Cuando oímos sin escuchar, es cuando somos un poco ricos de corazón y mente; creemos que no necesitamos nada, que sabemos casi todo, de todos los temas, conocemos todas las reglas, nos podemos creer los «iluminados en la fe», podemos conocer mucho de teología y saber incluso el catecismo, pero no saber, no haber saboreado a Cristo verdaderamente. Cuando vivimos así, Jesús termina siendo una norma, una regla, una moral, una doctrina que tenemos que aprender. Y la Palabra termina siendo solo eso: un requisito por cumplir. Es el que tiene la mente cerrada pero la boca abierta, habla mucho y escucha poco.
Ojalá podamos escuchar la parábola de hoy con otra actitud, con actitud de un corazón humilde. Ayer escuchábamos que la parábola estaba dirigida a los discípulos; hoy dice que está dirigida a los fariseos de ese tiempo, a los fariseos de hoy, a los cristianos que podemos tener el corazón duro como de fariseo.

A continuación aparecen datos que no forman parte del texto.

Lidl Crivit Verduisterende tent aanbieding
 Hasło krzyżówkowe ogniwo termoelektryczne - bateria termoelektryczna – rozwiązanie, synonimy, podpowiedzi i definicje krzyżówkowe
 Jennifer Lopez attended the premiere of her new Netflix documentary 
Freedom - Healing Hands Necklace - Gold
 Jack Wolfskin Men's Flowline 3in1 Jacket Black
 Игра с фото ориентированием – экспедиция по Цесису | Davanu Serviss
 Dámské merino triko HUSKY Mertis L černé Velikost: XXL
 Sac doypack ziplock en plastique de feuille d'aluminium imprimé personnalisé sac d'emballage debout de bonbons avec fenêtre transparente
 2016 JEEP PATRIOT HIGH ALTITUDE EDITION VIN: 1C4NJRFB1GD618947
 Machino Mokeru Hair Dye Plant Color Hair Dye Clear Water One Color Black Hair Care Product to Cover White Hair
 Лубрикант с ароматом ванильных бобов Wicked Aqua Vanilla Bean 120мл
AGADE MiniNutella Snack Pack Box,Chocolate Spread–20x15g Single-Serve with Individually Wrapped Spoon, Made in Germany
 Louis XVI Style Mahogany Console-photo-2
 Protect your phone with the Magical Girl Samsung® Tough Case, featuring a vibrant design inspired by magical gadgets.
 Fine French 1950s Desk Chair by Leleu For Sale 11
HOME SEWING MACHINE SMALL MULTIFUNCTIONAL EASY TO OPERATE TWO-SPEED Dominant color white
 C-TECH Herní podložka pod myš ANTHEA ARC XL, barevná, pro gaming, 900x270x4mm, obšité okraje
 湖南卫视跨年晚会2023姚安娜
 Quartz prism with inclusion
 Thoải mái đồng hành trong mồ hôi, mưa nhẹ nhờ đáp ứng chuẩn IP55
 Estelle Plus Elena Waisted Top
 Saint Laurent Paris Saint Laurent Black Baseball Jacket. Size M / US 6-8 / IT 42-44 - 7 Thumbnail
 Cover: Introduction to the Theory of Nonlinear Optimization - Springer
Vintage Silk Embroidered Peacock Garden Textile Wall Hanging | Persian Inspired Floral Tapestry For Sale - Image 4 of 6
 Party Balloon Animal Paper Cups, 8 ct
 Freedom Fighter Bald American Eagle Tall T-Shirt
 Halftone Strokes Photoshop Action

Hoy nos dice el Señor que el Reino de los Cielos es como una gran invitación, una invitación de amor, una invitación a participar de un gran casamiento, de unas bodas: de las bodas del Hijo de Dios con toda la humanidad. Para eso envió Dios Padre a su Hijo, para establecer una alianza de amor con toda la humanidad, acordémonos que Jesús no vino a condenar; vino a salvar, a invitar, porque nadie va a Jesús si no es a través del Padre y si no es atraído por el Padre que nos invita siempre. Por eso él utiliza servidores para invitarte a vos, a mí y a todos y a tantos a semejante fiesta, la fiesta empieza acá, como se dice, en la tierra y terminará un día en el cielo, donde encontraremos la plenitud.
Dice el texto que «todo está a punto», Jesús ya vino, ya está entre nosotros, y el banquete empieza en nuestras vidas, cuando conocemos a Jesús profundamente, cuando lo amamos, cuando empezamos a descubrirlo en la familia, en el trabajo, ahora mientras estás preparándote para salir de tu casa, en tu estudio, en tu oración, también en los más pobres, en la Misa que es el momento por excelencia donde celebramos este gran banquete, el anticipo del banquete del cielo.
La invitación es a disfrutar, a amar como él ama y por eso es una gran fiesta. Él nos invita, pero muchos no quieren escuchar ni aceptar esa invitación, y entonces se lo pierden; es más lo que nos perdemos que el mal que hacemos cuando no aceptamos la invitación del Señor. ¡No nos perdamos! ¡No perdamos semejante regalo!
Nos podemos pasar la vida a veces sin amar, sin participar de estas bodas de Dios con los hombres, por pasarnos el día pensando en nuestras cosas, solo en nosotros, en las cosas vanas; dejar pasar mil oportunidades de invitaciones que el Señor nos hace para estar junto con él y los demás. Hoy aceptamos una vez más esta invitación de nuestro buen Dios.